2018 IML challenge

The challenge details are decribed in the original wiki: https://gitlab.cern.ch/IML-WG/IML_challenge_2018/wikis/home.

A small train sample (10k entries) is available in /afs/cern.ch/user/m/mlisovyi/public/iml2018 (CERN AFS cell). Full samples (~1M entries) are available here: test, train. These are pickled pd.DataFrame objects. The original inputs have been pre-processed by unrolling the 5 hardest contrituents into separate columns and adding sum over all constituents for charge and Eele and Ehad. The original full contituent lists have been droped to save space.

Package overview

There are several notebooks provided:

  • feature extraction (used to create the provided pickle files from the original inputs)
  • XGBoost optimisation (hyperparameter tune)
  • LightGBM test (hyperparameter tune, metric choice tests).
  • evaluation of XGBoost models
  • preparation of submission predicting on the test dataset There is also a common set of functions available in IML2018_tools.py.

Environment setup

The notebooks are developed in python3.6+, but will most likely work in any python3 environment. For some sub-tasks, you will need specific python packages. All of those can be installed with conda (either mini- or ana-). This was tested to work properly on lxplus (CERN work servers). Just do something like

conda install numpy pandas matplotlib seaborn scikit-learn xgboost lightgbm ipykernel jupyther joblib pytables

You might need to add conda-forge to the list of channels: conda config --add channels conda-forge, if you have not done so yet (the installation would fail complaining that a subset of modules can not be found).

There is an example of the conda environment dump, in which the code was tested to work.

GBM speed benchmarking

Performance of XGBoost was compared to LightGBM with a compatible setup.
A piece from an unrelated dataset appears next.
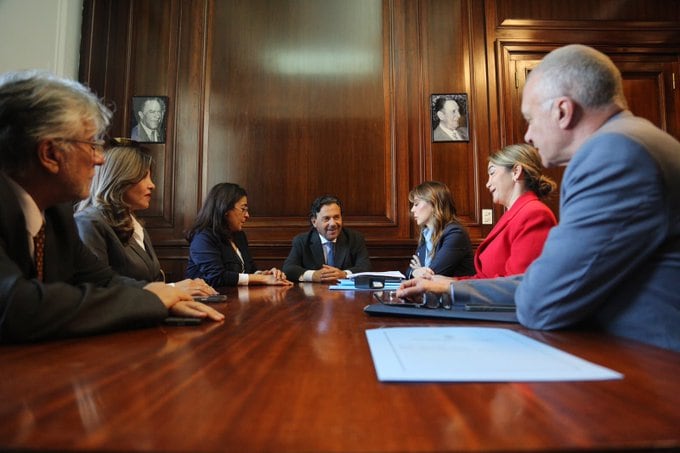 El gobernador Gustavo Sáenz, con legisladores del Norte Grande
LightGBM was found to perform fits 8x faster, while keeping a comparable precision (1.5 on a local validation sample without pT cuts) in terms of the custom loss defined by the challenge. In particular, XGBoost took 3min 57s per fit, while lightGBM took only 30.2 s (both averged over 3 execution with 4 parallel jobs on an lxplus host). Even parameter settings is faster in LightGBM: 13.3 µs ± 363 ns vs 286 µs ± 17.5 µs

Performance comparison was also done on a local machine with INTEL i5 2xcore each double-threaded running Ubuntu 16.4 with a local file access on SSD:

Number of parallel jobs in training (n_jobs) 4 3 2 1
XGBoost 5min 11s 6min 1s 6min 51s 11min 52s
LightGBM 34.1 s 37.9 s 40.8 s 60 s

Difference in processing speed is even larger (the test was performed averaging over 5 loops of training).

Note, that scaling with the number of cores goes almost linearly in processing speed (there is some initialisation delay at the start of ClassifierSklearnApi.fit(), which is most likely due to some initialisation, which is potentially not parallel). However, scaling into threads on a single core doesn't show a linear scaling.

Metric choice

Together with @daniloefl, the choice of the objective function was studied. It was found, that optimisation of MAE gives the best results in terms of the custom loss function defined by the competition. (0.7 with MAE vs 1.37 with MSE for a custom picked dataset and booster parameters). A faster convergence, in terms of the number of boosting iterations, was observed for this metric, compared to the alternative custom metric ((pred-true)/(1+true+pred))**2 considered in development process.

Open/unclear issue

With both XGBoost and LightGBM, performance on PCA-transformed inputs was observed to be more poor, than with the raw inputs.